И.П.: На мой взгляд, потому что, представив хоть что-то, проливающее свет на существо обвинения, им придется продемонстрировать взаимосвязь обвинения с профессиональной журналисткой деятельностью Сафронова. И уже некоторые признаки этого есть. Он обвиняется в действиях, которые совершил – мы правда, не знаем, о чем идет речь – в 2017 году. То есть, это не недавний какой-то кейс. Иван тогда работал в газете «Коммерсант». Следователь предложил нам заключить так называемое досудебное соглашение и интересовался журналистскими источниками Сафронова. Это тоже подтверждает некоторую связь обвинения с профессиональной деятельностью Сафронова. Как мне представляется, чрезмерно скрытная позиция наших оппонентов свидетельствует о том, что они не хотят просто избежать дополнительного резонанса.
В.В.: Почему дело дошло до журналистов, ведь раньше за госизмену в России обычно привлекали людей из ученого мира?
И.П.: На ученых оттачивали оружие. Вероятно, это оружие уже достаточно отточено, и теперь его можно использовать против более сильного противника, коим выбрали корпорацию журналистов.
В.В.: Но подобная схема уголовного преследования может быть применена практически против любого неугодного человека, нет?
И.П.: Да, против любого. А в группе риска оказались те, кто так или иначе работает с информацией. Особенно, если информация к тому же касается еще и чувствительной сферы (а сейчас в стране это понятие практически безгранично – для государства чувствительно почти все). Мы живем, по сути, в полувоенное время. Поэтому те люди, которые работают в сфере обращения с информацией, плюс если они еще к тому же имеют какие-то зарубежные контакты, общаются с заграничными коллегами или ездят выступать с лекциями, то это намного повышает вероятность того, что такими лицами заинтересуются органы госбезопасности.
В.В.: Разбирательства подобных дел обычно длится довольно долго. Почему? Неужели с Сафроновым каждый день проводятся следственные действия?
И.П.: За тот месяц, пока Сафронов находится под стражей, с ним было проведено всего одно следственное действие – предъявление обвинения. Больше следователь его не беспокоил и не уведомлял нас, что в ближайшее время планируются еще какие-то следственные действия. Из практики по другим делам знаю, что следствие продолжается порядка года-полутора. После того как оно закончится, нам, конечно, предъявят материалы расследования уголовного дела, мы сможем с ними ознакомиться. Но, честно вам скажу, по предыдущему опыту, единственное, чем будут впечатлять эти документы – это тем, что них будет стоять гриф секретности, больше ничем. По содержанию они будут смешными.

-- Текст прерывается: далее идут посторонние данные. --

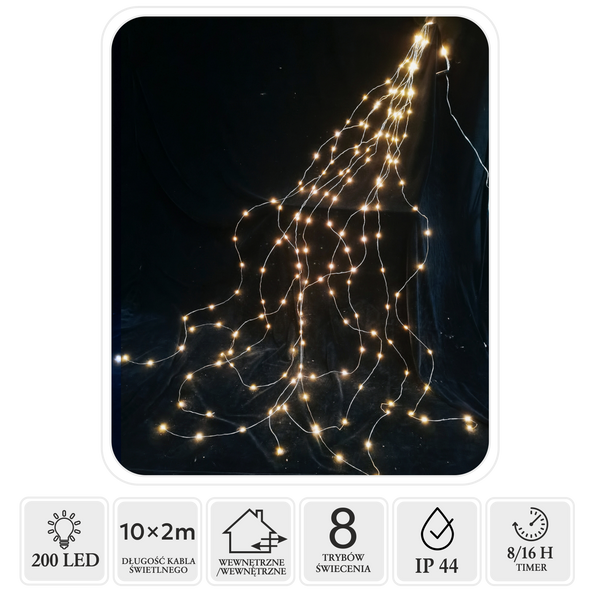 LAMPKI LED DRUCIKI 200L CIEPŁY BIAŁY 10 WIĄZEK x 2 M WEWN/ZEWN *1780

А гриф секретности нужен для препятствования тому, чтобы мы открыто говорили о том, что это смешно – скрывать подобного рода документ под какими-то грифами.
В.В.: Солидарность коллег, международная солидарность здесь могут сыграть свою роль?
И.П.: Я считаю, что этот фактор очень важен. Потому что юридические процедуры тоже важны, но они пока, увы, не прижились в России. Рассчитывать, что они сработают в наших реалиях, наивно. А вот поддержка коллег, общественный резонанс – это то, что заставляет власть отходить от привычного по таким делам сценария с заведомо известным исходом. Поэтому мы рассчитываем на всестороннюю поддержку Ивана, в том числе со стороны простых граждан России, которым должна уже надоесть эта развернувшаяся в стране шпиономания.